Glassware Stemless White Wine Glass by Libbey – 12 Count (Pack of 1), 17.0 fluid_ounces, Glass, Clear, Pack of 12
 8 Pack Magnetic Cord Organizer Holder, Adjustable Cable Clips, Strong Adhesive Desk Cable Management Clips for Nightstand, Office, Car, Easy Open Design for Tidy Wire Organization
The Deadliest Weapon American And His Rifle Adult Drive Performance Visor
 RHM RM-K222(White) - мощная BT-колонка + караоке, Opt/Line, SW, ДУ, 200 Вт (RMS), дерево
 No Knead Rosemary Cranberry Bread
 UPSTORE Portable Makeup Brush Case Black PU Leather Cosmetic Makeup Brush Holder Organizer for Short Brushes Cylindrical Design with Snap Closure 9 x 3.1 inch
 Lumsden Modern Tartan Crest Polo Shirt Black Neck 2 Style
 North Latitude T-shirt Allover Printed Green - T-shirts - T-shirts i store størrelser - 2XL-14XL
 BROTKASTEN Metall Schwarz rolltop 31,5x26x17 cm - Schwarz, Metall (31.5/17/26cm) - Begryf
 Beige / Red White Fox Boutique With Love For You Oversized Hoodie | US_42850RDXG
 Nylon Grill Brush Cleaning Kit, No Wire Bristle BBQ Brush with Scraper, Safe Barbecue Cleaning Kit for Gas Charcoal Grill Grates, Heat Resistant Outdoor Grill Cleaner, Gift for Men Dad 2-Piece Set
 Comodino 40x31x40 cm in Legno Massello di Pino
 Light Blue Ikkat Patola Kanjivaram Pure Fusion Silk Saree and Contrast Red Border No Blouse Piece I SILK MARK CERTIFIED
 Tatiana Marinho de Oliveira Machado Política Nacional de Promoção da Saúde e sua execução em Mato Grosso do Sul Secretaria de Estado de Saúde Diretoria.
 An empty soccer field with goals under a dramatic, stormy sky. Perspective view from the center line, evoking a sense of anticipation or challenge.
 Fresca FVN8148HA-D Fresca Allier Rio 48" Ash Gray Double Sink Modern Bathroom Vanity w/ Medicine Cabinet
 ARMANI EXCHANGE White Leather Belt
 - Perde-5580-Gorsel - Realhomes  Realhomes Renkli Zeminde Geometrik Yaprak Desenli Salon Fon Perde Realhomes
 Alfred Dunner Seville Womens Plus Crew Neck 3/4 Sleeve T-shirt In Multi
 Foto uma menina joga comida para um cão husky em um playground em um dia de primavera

● ● ● ● ● ● ●

What you are asked to do - After locating the line with "Fresca FVN8148HA-D Fresca" in the records above, please set down that line and all later ones exactly, and no other line.

Solution to this problem -
 Fresca FVN8148HA-D Fresca Allier Rio 48" Ash Gray Double Sink Modern Bathroom Vanity w/ Medicine Cabinet
 ARMANI EXCHANGE White Leather Belt
 - Perde-5580-Gorsel - Realhomes  Realhomes Renkli Zeminde Geometrik Yaprak Desenli Salon Fon Perde Realhomes
 Alfred Dunner Seville Womens Plus Crew Neck 3/4 Sleeve T-shirt In Multi
 Foto uma menina joga comida para um cão husky em um playground em um dia de primavera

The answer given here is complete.